Signalons, dès aujourd’hui, trois autres ouvrages de cette collection, aux qualités certaines. Pour des lecteurs plus jeunes que ceux du « Collège noir », nous conseillons la bande dessinée « Hilo T1 : Le Garçon qui s’est écrasé sur Terre ».
C’est un beau récit d’initiation autour d’une amitié improbable entre Daniel, un jeune garçon timide et Hilo, un garçon amnésique, mais toujours souriant et optimiste qui se révèle être un robot, arrivé sur terre avec des ennemis pas très sympathiques !
Deux beaux romans illustrés complètent la première offre de Grafiteen :
- « Les Beaux gosses de l’apocalypse », un roman amusant au style fluide sur une invasion de zombies dans la petite ville de Jack, un garçon solitaire qui a des idées, du courage et qui se fait des amis pour pouvoir être le héros de ce « survival ».
- « Warren 13, Livre 1 », un récit mystérieux, bien construit aux superbes illustrations en bichromie qui narre l’expérience étonnante du jeune Warren, seul héritier d’un hôtel qui renferme un objet magique, une tante machiavélique et une prophétie… tout un programme !
Nul doute que la prochaine livraison de Grafiteen nous offrira des livres de la même qualité.
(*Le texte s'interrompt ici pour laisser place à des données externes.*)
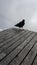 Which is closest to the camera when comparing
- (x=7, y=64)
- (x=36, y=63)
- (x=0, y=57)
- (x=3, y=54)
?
(x=7, y=64)

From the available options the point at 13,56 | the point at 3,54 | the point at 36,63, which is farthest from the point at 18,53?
the point at 36,63

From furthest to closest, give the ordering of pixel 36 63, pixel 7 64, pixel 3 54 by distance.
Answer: pixel 3 54 < pixel 36 63 < pixel 7 64

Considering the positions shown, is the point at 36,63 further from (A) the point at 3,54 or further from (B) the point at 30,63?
(A) the point at 3,54

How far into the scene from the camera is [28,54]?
2637 millimetres

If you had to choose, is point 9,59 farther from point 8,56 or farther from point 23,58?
point 23,58

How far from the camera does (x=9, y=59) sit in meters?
2.29

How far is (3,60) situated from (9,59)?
151mm

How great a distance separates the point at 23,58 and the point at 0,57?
1.93 ft

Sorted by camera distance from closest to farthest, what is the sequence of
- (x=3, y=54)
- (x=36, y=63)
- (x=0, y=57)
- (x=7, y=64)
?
(x=7, y=64), (x=36, y=63), (x=0, y=57), (x=3, y=54)

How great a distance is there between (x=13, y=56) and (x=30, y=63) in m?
0.50

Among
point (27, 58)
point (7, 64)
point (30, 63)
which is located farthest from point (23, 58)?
point (7, 64)

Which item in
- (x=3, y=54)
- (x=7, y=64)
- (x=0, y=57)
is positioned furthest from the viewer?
(x=3, y=54)

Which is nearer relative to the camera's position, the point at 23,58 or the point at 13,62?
the point at 13,62

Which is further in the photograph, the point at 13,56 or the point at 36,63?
the point at 13,56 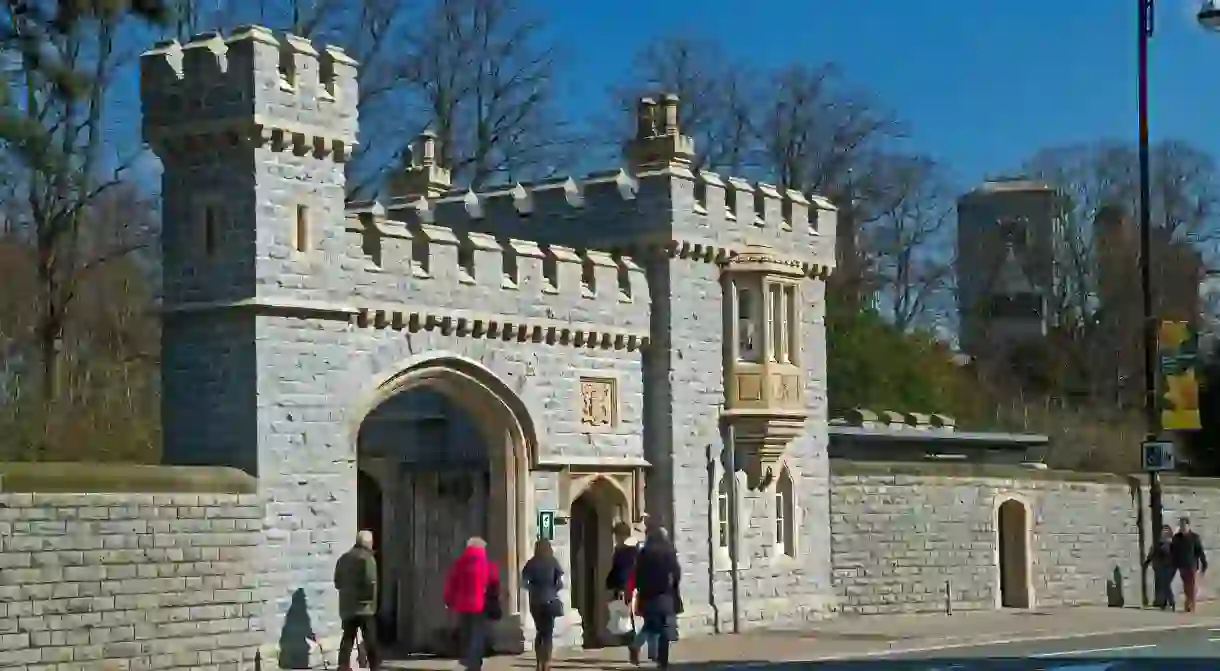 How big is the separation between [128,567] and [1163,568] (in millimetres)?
19581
D’ici là, et dès la semaine prochaine, je vous entretiendrai de la vie de l’un des plus fameux chevaliers de la Table ronde : Perceval le Gallois.
Laurent LESSOUS (l@bd)
« Le Collège noir T1 : Le Livre de la lune » par Ulysse Malassagne
Éditions Milan — Grafiteen (11,50 €) – ISBN : 978-2-7459-8407-4
« Hilo T1 : Le Garçon qui s’est écrasé sur Terre » par Judd Winnick
Éditions Milan — Grafiteen (11,50 €) – ISBN : 978-2-7459-7898-1
« Warren 13 T1 : L’Œil-qui-voit-tout » par Will Staehle et Tania Del Rio
Éditions Milan — Grafiteen (14,90 €) – ISBN : 978-2-7459-7774-8
« Les Beaux Gosses de l’Apocalypse » par Douglas Holgate et Max Brallier
Éditions Milan — Grafiteen (13,50 €) – ISBN : 978-2-7459-7826-4
Le Collège noir d’Ulysse Malassagne vient de recevoir le Prix des collégiens au festival d’Angoulême. Prix amplement mérité, selon nous.